The fable-like French drama “Eternal Playground” is melancholy, but only for a moment. It begins with Andranic Manet’s open beaming face. He plays Gaspard, a young Parisian music teacher mourning his twin sister. Saying goodbye to his students on the last day of school, the actor’s face holds out all potential while adding a bittersweet note of what can never be regained and that sets the tone for co-directors Joseph Rozé and Pablo Cotten’s story of friendship and growing up.
Gaspard’s five best friends show up soon after, ready to spend a few days with him in their old middle school building where they were all once students to honor Louise (she was Gaspard’s sister). Her dying wish was for them to gather there and reclaim the fun, frivolity and innocence they shared as children. But that is where their similarities end old wounds, love triangles (and squares!) and stubborn rivalries quickly reveal themselves among this group of neurotics who push 30 but revert to adolescence when they are together.
This plot summary makes “Eternal Playground” sound like any number of American independent movies or TV shows about young-ish friends figuring life (and love) out together, it could not be further from those stories. The difference is in the offbeat joviality. Cotten and Rozé have written a script with an amiable center; many scenes luxuriate in tracking shots that follow characters’ memories back into happier times together, Louise comments on the proceedings via Noée Abita’s smooth narration it adds an otherworldly touch, as though an angel were really watching over them; these could be affectations but also give the film its unique atmosphere.
Gaspard is at the heart of this motley crew, and through Manet’s disarming performance “Eternal Playground” reveals itself. Sometimes, when we mourn, we try to go backward instead of dealing with the pain. Manet captures both Gaspard’s raw agony and his naive, wide-eyed hopefulness, this is a person who thinks that by being around his middle school friends he might be able to bring back not only his sister, but also those blissful days.
The rest of the ensemble who are all made to seem believably like friends quietly fill in around Manet.

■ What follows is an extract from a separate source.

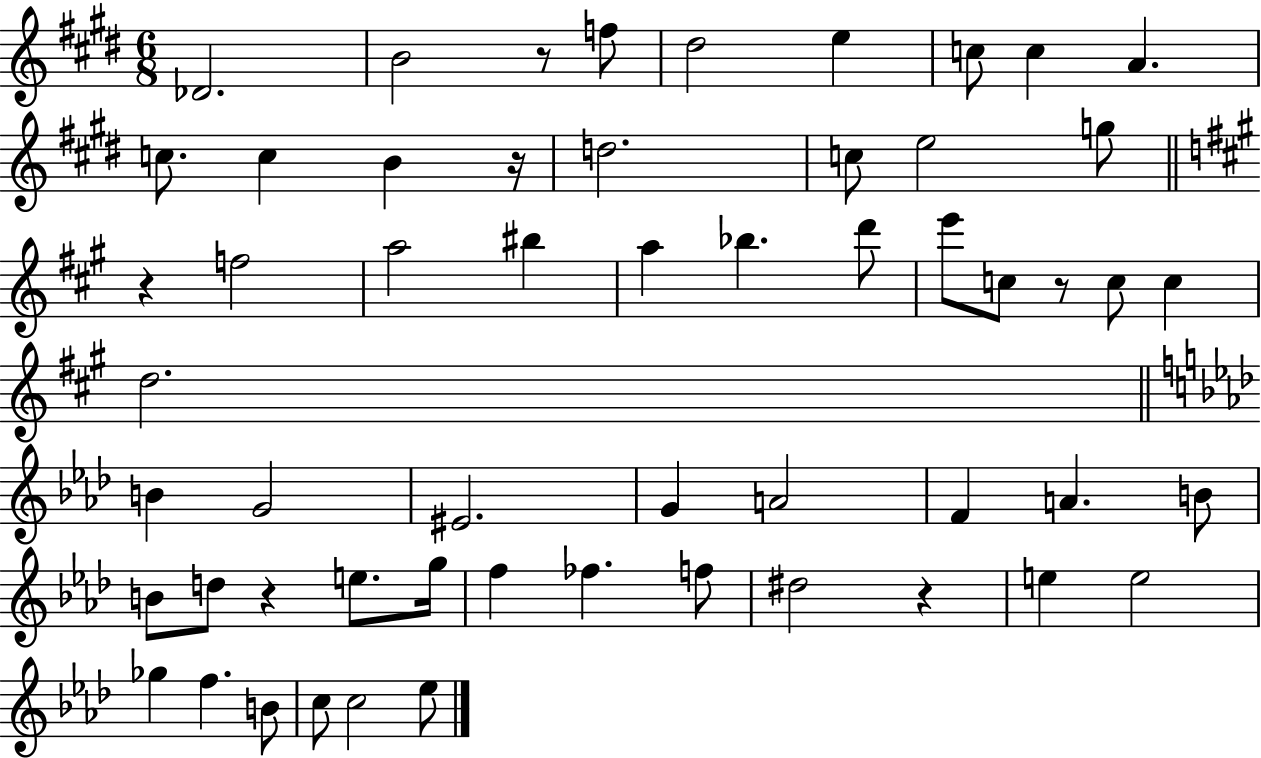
Db4/h. B4/h R/e F5/e D#5/h E5/q C5/e C5/q A4/q. C5/e. C5/q B4/q R/s D5/h. C5/e E5/h G5/e R/q F5/h A5/h BIS5/q A5/q Bb5/q. D6/e E6/e C5/e R/e C5/e C5/q D5/h. B4/q G4/h EIS4/h. G4/q A4/h F4/q A4/q. B4/e B4/e D5/e R/q E5/e. G5/s F5/q FES5/q. F5/e D#5/h R/q E5/q E5/h Gb5/q F5/q. B4/e C5/e C5/h Eb5/e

Two actors, in particular, stand out among equals. Alassane Diong carries himself with brusque swagger as Adel, a successful musical artist; Nina Zem underplays Alma’s hesitation about motherhood with such a soft-spokenness that it doubles back around and becomes twice as affecting.

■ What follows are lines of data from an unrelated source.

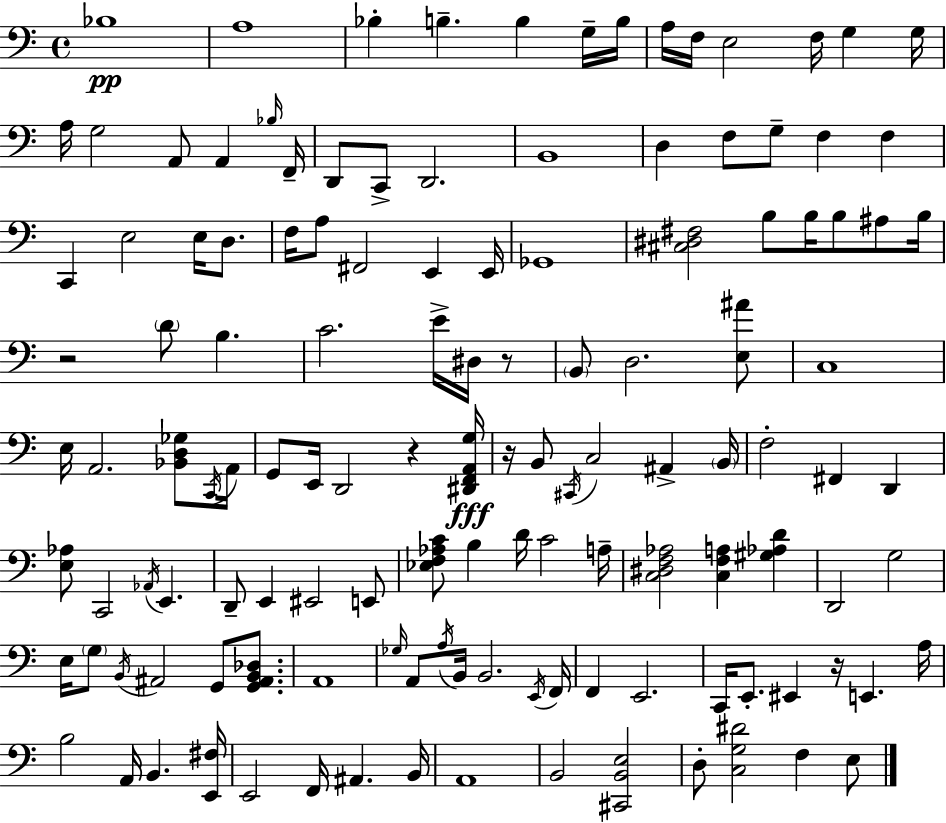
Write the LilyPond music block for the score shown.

{
  \clef bass
  \time 4/4
  \defaultTimeSignature
  \key c \major
  \repeat volta 2 { bes1\pp | a1 | bes4-. b4.-- b4 g16-- b16 | a16 f16 e2 f16 g4 g16 | \break a16 g2 a,8 a,4 \grace { bes16 } | f,16-- d,8 c,8-> d,2. | b,1 | d4 f8 g8-- f4 f4 | \break c,4 e2 e16 d8. | f16 a8 fis,2 e,4 | e,16 ges,1 | <cis dis fis>2 b8 b16 b8 ais8 | \break b16 r2 \parenthesize d'8 b4. | c'2. e'16-> dis16 r8 | \parenthesize b,8 d2. <e ais'>8 | c1 | \break e16 a,2. <bes, d ges>8 | \acciaccatura { c,16 } a,16 g,8 e,16 d,2 r4 | <dis, f, a, g>16\fff r16 b,8 \acciaccatura { cis,16 } c2 ais,4-> | \parenthesize b,16 f2-. fis,4 d,4 | \break <e aes>8 c,2 \acciaccatura { aes,16 } e,4. | d,8-- e,4 eis,2 | e,8 <ees f aes c'>8 b4 d'16 c'2 | a16-- <c dis f aes>2 <c f a>4 | \break <gis aes d'>4 d,2 g2 | e16 \parenthesize g8 \acciaccatura { b,16 } ais,2 | g,8 <g, ais, b, des>8. a,1 | \grace { ges16 } a,8 \acciaccatura { a16 } b,16 b,2. | \break \acciaccatura { e,16 } f,16 f,4 e,2. | c,16 e,8.-. eis,4 | r16 e,4. a16 b2 | a,16 b,4. <e, fis>16 e,2 | \break f,16 ais,4. b,16 a,1 | b,2 | <cis, b, e>2 d8-. <c g dis'>2 | f4 e8 } \bar "|."
}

As directors, Rozé and Cotten use their actors’ faces (and slow deliberate movements of the camera) to find the story. When it pans from one face to another or starts in close-up then gradually travels out to include others beside or behind it, the complicated interrelationships between these characters come into view. “Eternal Playground” sometimes feels like a flight of fancy disconnected from real life, but the filmmakers working in total sync with Tara-jay Bangalter’s camera manage to make it feel true.